We are to find how fast its going after $t=4$ seconds. If one starts with: $a=\frac{dv}{dt}=-.4v^3$, and advance to $dt=\frac{dv}{a}$, we can integrate $$\int_0^tdt=\int_{60}^v\frac{1}{-0.4v^3}$$
Integrating, this produces a correct answer of: $v=0.559$. However, when I set up an even simpler (looking) equation, the problem becomes: $adt=dv$, such that $-0.4v^3dt=dv$. The integral becomes: $$\int_0^t-0.4v^3dt=\int_{60}^vdv$$ solving for this equation produces a different, incorrect answer.

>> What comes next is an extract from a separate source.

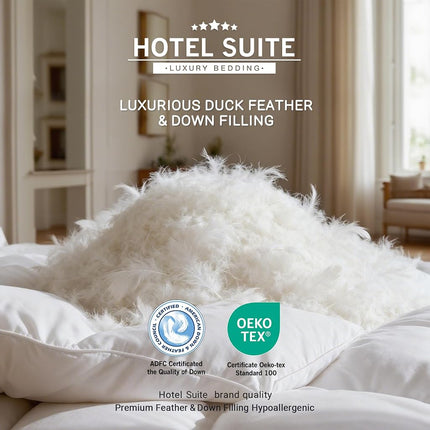 Hôtel Suite Couette en Plumes et Duvet Luxueuse Taille Jumeau, Housse 100 % Coton, Couettes Collection Hôtel, Garnissage 1250g, Chaleur Moyenne Toutes Saisons 173 x 224 cm Blanche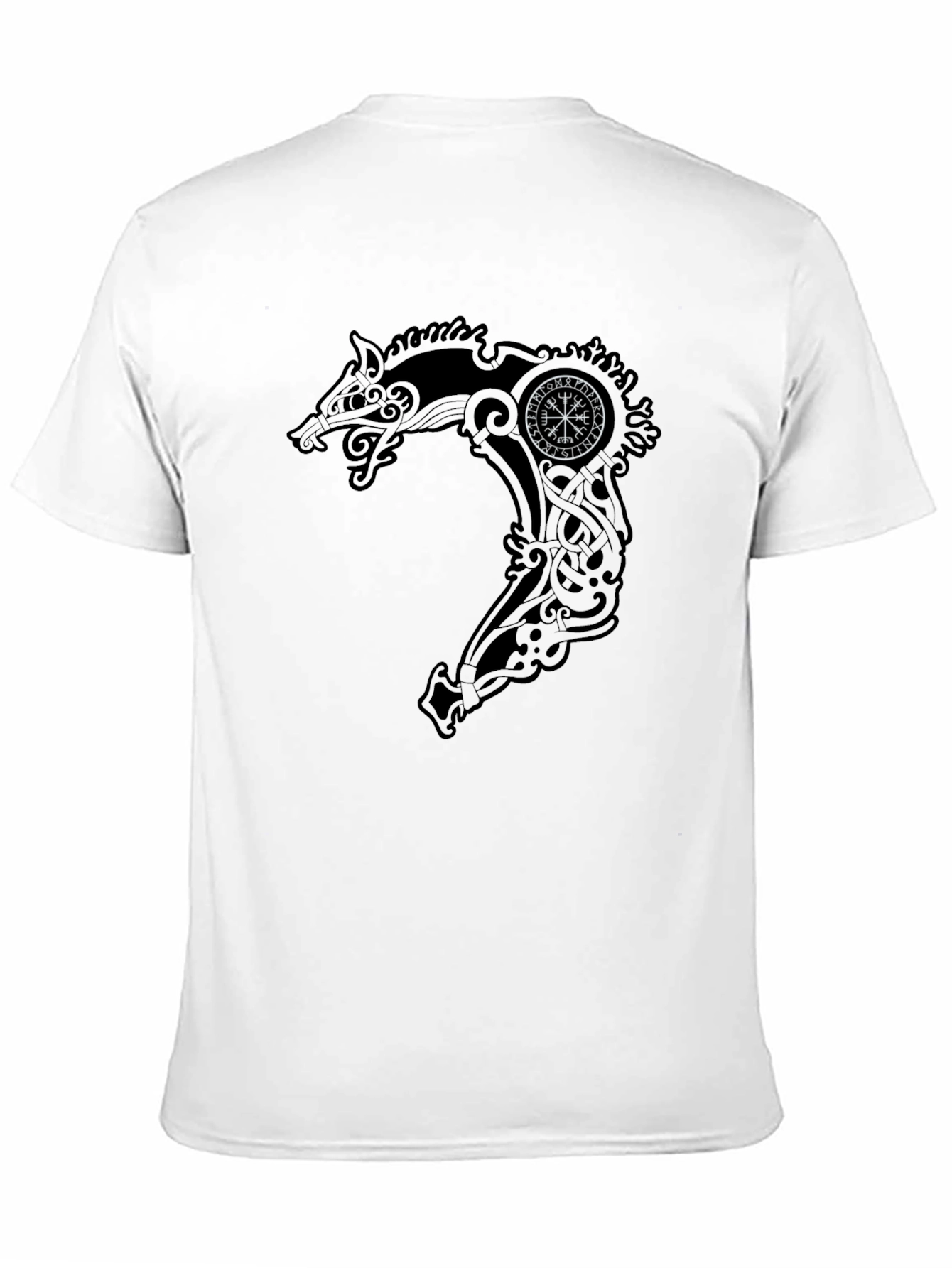 Viking Dragon Compass Graphic Tee - Black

What causes this?
In the second equation you propose you are integrating v^3 in dt on the l.h.s. but you cannot do that since v is an unknown function of the time. You can't just assume it doesn't depend on t. The "correct" expression of what you wrote should be $$\int_0^t -0.4v^3(t)dt=\int_{60}^vdv\ ,$$ but that's simply an involved way to write the differential equation $$\frac{dv(t)}{dt}=-0.4v^3(t)$$ with initial condition $v(0)=60$.